→ ABOUT THIS TASK: Provide again, from the entries below, every line from the one containing "Vera Bradley x Disney Tiana Blake Crossbody" through the one containing "762-1171 RS PRO", exactly as written, and no other line.

→ AVAILABLE RECORDS:
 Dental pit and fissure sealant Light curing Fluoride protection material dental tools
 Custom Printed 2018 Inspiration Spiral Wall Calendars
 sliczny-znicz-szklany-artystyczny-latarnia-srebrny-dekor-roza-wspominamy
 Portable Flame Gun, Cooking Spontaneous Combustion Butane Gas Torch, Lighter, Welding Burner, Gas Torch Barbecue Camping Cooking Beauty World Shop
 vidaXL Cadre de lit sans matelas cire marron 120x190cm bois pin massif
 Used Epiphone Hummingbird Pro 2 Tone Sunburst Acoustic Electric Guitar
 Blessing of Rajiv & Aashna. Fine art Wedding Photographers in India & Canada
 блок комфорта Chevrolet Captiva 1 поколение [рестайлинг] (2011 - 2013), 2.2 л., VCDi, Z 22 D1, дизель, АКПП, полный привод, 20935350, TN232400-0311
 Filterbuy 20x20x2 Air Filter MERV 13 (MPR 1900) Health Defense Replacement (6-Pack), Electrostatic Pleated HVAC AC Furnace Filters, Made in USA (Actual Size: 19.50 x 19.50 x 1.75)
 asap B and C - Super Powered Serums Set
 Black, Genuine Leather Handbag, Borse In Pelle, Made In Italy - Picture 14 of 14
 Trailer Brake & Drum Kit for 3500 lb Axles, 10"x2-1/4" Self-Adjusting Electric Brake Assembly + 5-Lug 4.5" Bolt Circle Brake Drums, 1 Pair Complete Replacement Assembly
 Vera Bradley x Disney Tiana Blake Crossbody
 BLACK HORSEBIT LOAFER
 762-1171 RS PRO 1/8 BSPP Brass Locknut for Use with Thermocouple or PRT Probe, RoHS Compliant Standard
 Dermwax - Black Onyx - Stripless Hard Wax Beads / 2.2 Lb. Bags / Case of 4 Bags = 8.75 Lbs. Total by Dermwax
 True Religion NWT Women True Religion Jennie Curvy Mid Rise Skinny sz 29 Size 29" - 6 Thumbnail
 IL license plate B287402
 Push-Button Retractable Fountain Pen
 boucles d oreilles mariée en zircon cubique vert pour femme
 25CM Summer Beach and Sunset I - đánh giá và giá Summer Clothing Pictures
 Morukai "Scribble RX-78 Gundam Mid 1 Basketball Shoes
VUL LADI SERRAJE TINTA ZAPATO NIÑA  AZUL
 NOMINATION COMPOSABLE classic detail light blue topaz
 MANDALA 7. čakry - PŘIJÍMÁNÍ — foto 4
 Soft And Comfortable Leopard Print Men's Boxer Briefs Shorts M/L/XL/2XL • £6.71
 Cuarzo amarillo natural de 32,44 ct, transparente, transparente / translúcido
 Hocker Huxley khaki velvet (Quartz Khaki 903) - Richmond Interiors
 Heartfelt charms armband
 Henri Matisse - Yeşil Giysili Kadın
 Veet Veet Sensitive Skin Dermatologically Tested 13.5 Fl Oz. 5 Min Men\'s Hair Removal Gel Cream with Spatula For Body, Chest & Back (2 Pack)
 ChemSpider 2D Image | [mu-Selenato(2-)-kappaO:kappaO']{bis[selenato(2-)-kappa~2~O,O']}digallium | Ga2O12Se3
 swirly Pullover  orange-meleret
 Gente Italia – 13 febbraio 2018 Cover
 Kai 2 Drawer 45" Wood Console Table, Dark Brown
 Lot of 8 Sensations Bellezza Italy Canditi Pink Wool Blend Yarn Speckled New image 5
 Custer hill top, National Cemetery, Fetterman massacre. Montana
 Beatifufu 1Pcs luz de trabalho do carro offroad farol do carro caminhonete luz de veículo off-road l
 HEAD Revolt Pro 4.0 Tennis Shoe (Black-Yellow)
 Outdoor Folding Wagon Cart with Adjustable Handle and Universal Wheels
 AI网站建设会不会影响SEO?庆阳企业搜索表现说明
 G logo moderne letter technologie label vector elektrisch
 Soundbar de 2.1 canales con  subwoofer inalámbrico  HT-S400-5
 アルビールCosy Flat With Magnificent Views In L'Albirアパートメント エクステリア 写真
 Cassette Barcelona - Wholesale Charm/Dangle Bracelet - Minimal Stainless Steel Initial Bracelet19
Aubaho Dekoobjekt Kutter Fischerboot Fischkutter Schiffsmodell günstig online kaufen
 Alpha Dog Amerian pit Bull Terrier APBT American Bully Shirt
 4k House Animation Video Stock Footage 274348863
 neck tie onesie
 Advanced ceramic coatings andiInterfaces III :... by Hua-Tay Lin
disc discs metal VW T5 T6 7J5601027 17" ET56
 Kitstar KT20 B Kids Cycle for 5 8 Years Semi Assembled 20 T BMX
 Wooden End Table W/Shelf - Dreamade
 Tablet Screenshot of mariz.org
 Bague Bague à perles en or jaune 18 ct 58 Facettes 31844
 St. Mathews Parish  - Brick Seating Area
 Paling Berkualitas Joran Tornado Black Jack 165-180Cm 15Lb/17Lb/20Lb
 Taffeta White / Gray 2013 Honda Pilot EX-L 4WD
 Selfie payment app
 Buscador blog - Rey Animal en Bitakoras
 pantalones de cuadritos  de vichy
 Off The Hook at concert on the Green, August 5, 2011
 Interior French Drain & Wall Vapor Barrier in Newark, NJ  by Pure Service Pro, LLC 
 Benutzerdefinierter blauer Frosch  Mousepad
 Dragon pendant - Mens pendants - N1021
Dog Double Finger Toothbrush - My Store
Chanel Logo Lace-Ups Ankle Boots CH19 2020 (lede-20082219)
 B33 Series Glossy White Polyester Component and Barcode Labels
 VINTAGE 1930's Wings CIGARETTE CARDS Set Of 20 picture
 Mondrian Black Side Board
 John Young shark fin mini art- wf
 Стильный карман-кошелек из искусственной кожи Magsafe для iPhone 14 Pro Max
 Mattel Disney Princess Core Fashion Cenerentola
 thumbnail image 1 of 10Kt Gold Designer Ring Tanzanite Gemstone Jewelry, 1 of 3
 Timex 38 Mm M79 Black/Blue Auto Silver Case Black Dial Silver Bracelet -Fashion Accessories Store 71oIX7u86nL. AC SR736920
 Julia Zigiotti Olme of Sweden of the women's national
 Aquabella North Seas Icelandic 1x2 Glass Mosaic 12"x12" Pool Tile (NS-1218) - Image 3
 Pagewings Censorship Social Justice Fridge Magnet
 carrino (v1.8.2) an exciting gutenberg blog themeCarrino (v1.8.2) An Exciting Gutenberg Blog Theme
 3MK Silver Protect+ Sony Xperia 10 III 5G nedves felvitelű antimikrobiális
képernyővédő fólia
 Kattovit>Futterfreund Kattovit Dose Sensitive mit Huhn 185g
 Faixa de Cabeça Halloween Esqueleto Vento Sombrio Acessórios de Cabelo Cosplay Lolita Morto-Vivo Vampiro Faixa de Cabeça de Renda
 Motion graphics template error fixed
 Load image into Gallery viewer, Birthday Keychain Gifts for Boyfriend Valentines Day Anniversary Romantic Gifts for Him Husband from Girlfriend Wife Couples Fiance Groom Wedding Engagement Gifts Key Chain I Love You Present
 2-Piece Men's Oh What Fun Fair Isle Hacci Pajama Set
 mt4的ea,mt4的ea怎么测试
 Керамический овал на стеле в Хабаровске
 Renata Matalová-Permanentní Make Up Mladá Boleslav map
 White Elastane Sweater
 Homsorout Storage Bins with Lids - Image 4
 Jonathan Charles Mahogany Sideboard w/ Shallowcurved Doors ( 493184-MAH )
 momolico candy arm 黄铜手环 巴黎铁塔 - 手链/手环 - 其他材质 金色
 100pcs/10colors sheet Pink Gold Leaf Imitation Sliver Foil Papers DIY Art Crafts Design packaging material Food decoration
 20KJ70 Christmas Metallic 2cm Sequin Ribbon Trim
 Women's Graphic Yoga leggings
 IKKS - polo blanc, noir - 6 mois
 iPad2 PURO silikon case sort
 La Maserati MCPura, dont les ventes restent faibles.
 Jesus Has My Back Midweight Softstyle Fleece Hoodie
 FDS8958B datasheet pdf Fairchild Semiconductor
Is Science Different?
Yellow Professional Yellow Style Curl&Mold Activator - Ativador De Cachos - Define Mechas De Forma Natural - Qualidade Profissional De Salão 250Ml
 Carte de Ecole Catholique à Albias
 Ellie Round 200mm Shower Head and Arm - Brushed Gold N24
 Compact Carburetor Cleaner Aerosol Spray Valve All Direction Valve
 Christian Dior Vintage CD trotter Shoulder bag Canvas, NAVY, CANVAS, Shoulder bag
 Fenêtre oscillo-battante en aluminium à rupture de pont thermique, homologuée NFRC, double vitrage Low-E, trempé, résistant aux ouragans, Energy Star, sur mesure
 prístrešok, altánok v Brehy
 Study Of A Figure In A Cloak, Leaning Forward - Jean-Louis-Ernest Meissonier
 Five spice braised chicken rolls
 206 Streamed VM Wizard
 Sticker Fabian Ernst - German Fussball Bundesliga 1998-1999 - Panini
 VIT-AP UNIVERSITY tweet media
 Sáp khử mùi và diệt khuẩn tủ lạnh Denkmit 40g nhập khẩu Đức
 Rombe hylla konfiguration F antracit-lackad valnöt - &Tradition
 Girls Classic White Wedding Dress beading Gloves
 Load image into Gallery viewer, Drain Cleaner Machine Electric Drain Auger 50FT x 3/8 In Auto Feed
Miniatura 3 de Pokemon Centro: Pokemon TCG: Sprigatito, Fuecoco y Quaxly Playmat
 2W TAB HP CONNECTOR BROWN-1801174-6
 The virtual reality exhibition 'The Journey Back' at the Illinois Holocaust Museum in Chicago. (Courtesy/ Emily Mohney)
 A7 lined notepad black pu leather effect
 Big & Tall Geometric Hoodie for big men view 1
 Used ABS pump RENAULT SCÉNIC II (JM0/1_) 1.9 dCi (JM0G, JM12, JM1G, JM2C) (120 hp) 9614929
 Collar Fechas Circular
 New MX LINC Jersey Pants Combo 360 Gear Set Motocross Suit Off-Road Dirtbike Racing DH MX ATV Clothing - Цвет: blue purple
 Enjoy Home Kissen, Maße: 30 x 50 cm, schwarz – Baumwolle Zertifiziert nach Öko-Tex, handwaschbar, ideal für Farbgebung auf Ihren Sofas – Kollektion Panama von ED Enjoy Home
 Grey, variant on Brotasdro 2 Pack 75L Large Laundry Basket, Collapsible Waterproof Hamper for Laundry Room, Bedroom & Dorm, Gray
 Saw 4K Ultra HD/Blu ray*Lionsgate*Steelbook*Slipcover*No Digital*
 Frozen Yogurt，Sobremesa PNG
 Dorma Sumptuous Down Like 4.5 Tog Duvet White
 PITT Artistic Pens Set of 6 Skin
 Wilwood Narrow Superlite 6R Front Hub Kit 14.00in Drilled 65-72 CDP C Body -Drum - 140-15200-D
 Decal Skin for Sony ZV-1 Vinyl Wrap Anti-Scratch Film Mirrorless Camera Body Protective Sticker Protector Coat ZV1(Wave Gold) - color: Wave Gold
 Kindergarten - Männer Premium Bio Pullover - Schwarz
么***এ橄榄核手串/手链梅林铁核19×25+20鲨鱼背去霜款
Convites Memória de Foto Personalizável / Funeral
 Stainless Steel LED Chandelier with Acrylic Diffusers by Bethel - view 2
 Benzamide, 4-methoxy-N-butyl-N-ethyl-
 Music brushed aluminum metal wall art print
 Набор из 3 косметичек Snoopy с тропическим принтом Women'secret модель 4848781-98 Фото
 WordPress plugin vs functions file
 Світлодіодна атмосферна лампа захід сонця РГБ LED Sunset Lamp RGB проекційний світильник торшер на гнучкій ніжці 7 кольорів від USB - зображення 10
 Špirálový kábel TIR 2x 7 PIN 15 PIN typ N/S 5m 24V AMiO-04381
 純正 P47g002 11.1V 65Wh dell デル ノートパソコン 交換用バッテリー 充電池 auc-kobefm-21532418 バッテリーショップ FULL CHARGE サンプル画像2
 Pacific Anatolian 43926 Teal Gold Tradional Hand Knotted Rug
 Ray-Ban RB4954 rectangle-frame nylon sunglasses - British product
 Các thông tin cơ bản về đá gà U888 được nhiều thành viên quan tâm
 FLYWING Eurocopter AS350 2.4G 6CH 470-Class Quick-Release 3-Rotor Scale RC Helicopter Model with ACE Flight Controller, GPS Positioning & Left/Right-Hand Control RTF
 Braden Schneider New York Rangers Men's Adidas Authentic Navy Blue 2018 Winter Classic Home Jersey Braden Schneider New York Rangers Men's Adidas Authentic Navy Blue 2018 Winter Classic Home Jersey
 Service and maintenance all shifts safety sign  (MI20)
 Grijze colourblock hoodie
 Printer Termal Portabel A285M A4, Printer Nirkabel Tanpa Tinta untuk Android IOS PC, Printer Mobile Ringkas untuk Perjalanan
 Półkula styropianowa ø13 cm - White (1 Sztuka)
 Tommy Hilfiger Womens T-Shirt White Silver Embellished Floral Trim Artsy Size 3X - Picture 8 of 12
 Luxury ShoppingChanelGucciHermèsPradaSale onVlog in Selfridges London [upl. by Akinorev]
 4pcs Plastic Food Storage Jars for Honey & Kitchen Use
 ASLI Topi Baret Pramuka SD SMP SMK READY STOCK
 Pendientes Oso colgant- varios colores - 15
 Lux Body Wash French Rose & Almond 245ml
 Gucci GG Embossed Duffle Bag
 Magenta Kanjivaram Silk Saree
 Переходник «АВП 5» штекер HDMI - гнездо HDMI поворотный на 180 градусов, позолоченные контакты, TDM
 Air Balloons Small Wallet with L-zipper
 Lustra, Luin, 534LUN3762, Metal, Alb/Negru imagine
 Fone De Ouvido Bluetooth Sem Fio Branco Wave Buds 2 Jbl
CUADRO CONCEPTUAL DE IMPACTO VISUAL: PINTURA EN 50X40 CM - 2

→ EXPECTED ANSWER:
 Vera Bradley x Disney Tiana Blake Crossbody
 BLACK HORSEBIT LOAFER
 762-1171 RS PRO 1/8 BSPP Brass Locknut for Use with Thermocouple or PRT Probe, RoHS Compliant Standard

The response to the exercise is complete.